◆ The task: All the entries need to be duplicated exactly, with the pictures omitted.

===== Entries supplied

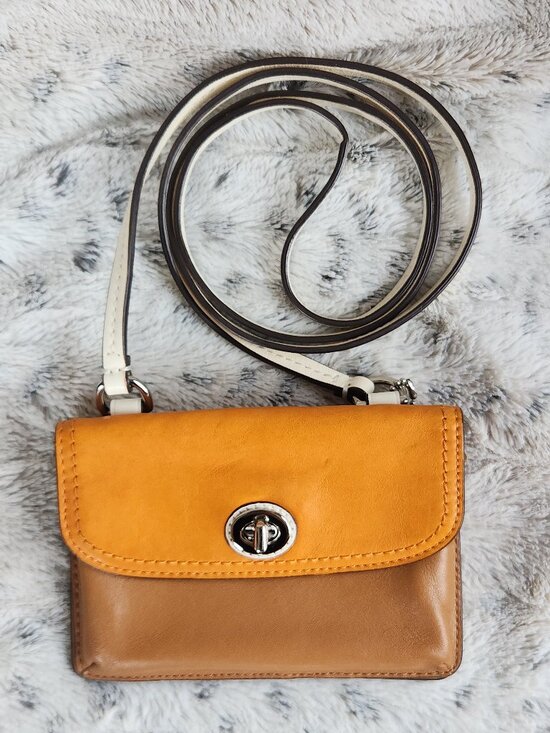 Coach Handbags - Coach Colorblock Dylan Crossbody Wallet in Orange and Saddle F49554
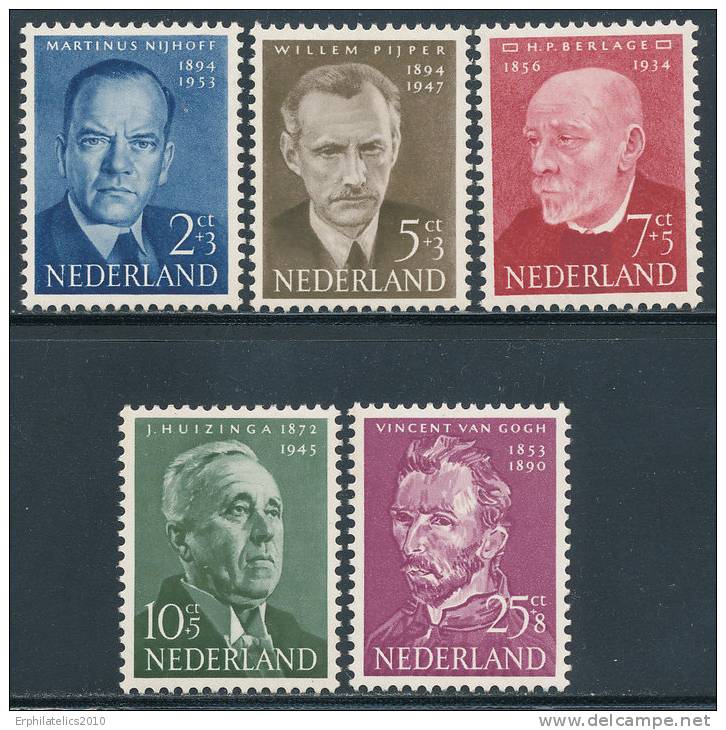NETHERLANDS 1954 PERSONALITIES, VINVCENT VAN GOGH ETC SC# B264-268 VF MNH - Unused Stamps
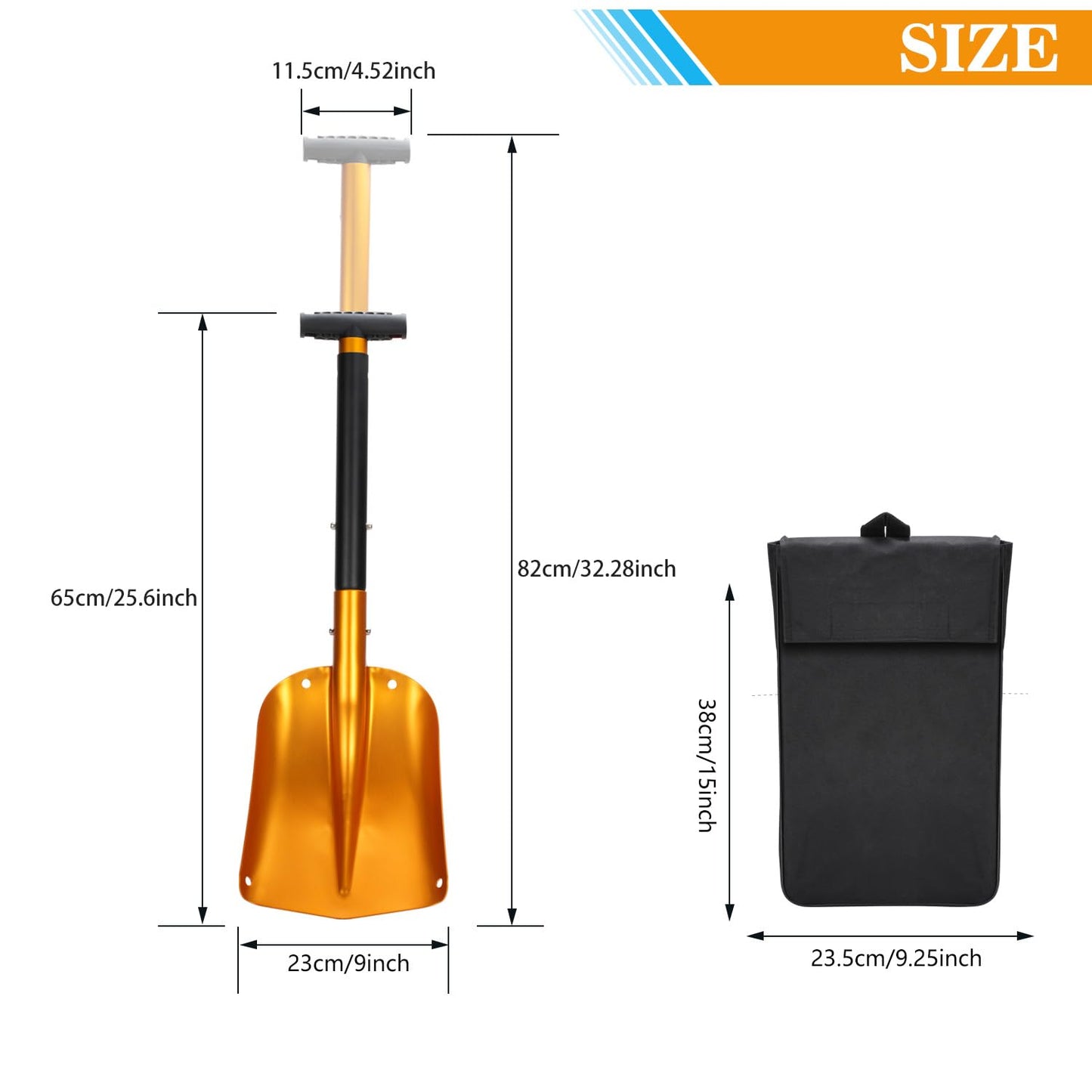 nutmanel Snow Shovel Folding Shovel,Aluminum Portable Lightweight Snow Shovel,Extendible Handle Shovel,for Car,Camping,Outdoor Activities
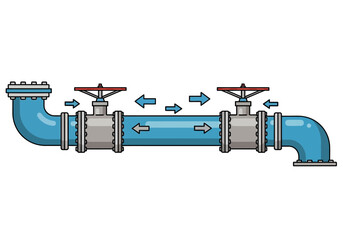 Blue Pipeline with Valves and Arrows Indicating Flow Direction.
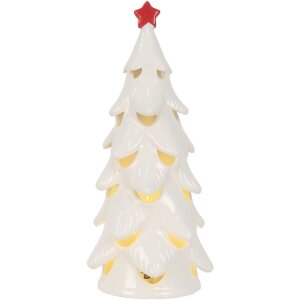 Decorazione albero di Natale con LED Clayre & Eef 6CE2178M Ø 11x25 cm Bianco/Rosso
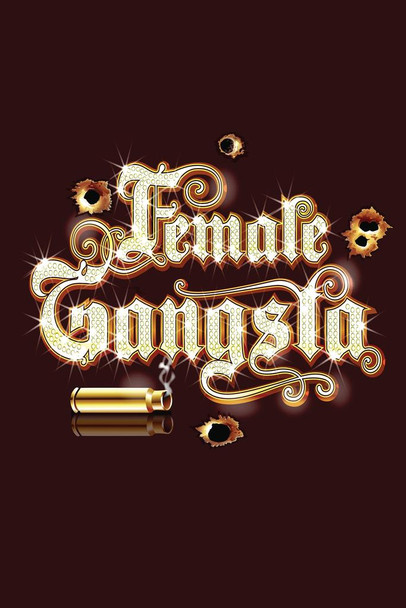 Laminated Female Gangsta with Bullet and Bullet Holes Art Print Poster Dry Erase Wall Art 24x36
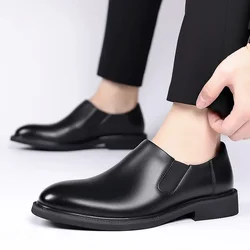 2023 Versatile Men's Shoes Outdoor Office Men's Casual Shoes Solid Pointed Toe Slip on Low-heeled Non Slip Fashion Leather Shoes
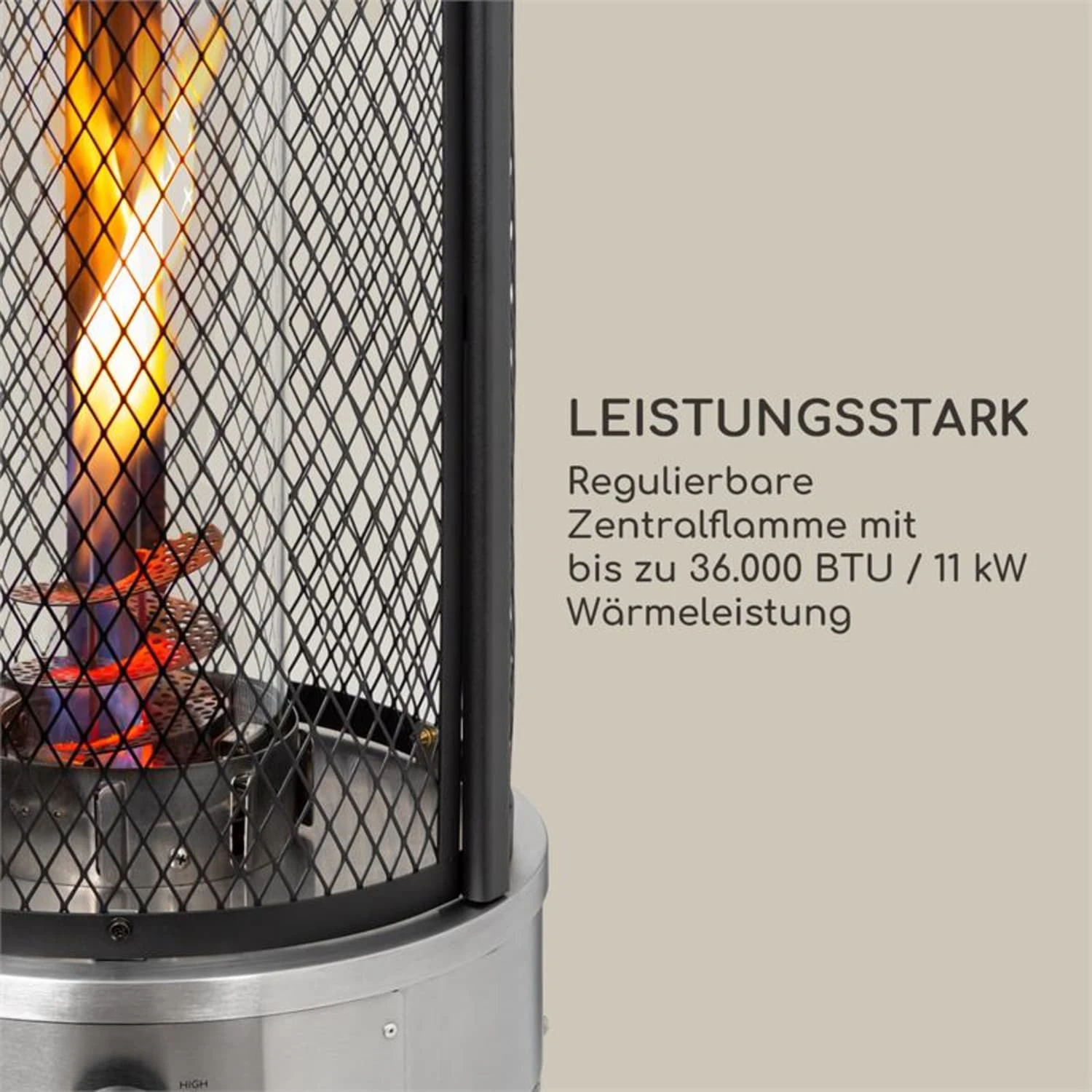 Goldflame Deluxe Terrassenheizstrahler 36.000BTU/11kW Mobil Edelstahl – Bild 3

==========

◆ Result of this task:
 Coach Handbags - Coach Colorblock Dylan Crossbody Wallet in Orange and Saddle F49554
NETHERLANDS 1954 PERSONALITIES, VINVCENT VAN GOGH ETC SC# B264-268 VF MNH - Unused Stamps
 nutmanel Snow Shovel Folding Shovel,Aluminum Portable Lightweight Snow Shovel,Extendible Handle Shovel,for Car,Camping,Outdoor Activities
 Blue Pipeline with Valves and Arrows Indicating Flow Direction.
 Decorazione albero di Natale con LED Clayre & Eef 6CE2178M Ø 11x25 cm Bianco/Rosso
 Laminated Female Gangsta with Bullet and Bullet Holes Art Print Poster Dry Erase Wall Art 24x36
 2023 Versatile Men's Shoes Outdoor Office Men's Casual Shoes Solid Pointed Toe Slip on Low-heeled Non Slip Fashion Leather Shoes
 Goldflame Deluxe Terrassenheizstrahler 36.000BTU/11kW Mobil Edelstahl – Bild 3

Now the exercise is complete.